**To do**
Copy each line containing the word "Wood" from the records that follow, please.

Records excerpted from a collection
-- Opening Marker --
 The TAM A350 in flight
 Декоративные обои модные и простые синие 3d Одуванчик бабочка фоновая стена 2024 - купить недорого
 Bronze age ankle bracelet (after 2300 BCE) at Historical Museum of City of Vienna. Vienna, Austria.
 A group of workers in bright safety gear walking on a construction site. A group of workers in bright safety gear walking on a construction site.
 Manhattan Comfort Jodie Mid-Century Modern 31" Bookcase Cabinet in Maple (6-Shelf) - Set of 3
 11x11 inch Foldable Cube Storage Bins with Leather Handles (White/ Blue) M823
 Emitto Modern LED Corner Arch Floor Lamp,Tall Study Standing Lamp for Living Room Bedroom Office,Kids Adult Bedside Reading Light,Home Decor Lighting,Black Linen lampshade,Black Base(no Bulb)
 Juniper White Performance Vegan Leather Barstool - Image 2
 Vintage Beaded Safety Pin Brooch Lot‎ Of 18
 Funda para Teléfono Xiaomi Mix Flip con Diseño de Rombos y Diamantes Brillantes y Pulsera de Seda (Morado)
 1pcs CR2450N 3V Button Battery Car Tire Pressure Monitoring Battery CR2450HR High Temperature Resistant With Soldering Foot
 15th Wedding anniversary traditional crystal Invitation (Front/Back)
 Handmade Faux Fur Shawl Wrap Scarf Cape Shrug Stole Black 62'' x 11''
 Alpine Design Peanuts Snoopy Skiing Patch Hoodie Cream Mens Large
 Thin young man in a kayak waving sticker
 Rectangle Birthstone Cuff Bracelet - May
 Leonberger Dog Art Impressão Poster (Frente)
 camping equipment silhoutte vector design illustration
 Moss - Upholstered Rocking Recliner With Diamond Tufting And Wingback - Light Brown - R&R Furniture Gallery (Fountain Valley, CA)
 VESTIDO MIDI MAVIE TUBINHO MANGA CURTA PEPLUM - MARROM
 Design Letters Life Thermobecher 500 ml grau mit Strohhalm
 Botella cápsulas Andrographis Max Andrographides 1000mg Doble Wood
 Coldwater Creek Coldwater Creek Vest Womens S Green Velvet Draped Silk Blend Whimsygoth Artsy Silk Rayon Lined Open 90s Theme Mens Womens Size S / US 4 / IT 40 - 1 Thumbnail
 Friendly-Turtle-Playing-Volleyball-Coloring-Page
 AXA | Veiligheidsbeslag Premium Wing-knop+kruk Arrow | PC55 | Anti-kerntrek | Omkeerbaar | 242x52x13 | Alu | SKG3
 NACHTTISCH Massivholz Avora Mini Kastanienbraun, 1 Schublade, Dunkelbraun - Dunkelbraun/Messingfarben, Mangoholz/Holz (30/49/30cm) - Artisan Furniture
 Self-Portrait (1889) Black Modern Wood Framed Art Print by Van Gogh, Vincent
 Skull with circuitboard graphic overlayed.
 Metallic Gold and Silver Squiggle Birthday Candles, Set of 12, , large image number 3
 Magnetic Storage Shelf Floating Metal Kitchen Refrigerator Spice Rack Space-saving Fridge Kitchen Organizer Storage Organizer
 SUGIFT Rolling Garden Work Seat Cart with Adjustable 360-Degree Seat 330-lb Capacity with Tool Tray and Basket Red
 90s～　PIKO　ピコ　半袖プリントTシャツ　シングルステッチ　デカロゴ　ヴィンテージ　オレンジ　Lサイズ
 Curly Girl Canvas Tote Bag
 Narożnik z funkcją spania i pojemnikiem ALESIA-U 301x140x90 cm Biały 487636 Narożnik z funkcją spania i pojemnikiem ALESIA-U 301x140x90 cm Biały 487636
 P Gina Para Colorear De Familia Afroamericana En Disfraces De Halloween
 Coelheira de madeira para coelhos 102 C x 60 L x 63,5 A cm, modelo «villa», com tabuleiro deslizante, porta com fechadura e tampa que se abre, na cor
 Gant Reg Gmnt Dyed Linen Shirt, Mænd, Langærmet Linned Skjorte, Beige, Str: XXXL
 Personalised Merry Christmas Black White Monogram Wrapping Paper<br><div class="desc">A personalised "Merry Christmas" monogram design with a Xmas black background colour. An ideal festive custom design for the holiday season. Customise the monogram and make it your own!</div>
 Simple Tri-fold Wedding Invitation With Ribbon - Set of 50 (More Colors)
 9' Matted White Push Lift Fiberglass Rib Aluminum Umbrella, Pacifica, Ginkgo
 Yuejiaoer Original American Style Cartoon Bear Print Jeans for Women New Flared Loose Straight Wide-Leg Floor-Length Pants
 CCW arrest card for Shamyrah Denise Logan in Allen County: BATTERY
-- Closing Marker --
**Expected answer**
 Botella cápsulas Andrographis Max Andrographides 1000mg Doble Wood
 Self-Portrait (1889) Black Modern Wood Framed Art Print by Van Gogh, Vincent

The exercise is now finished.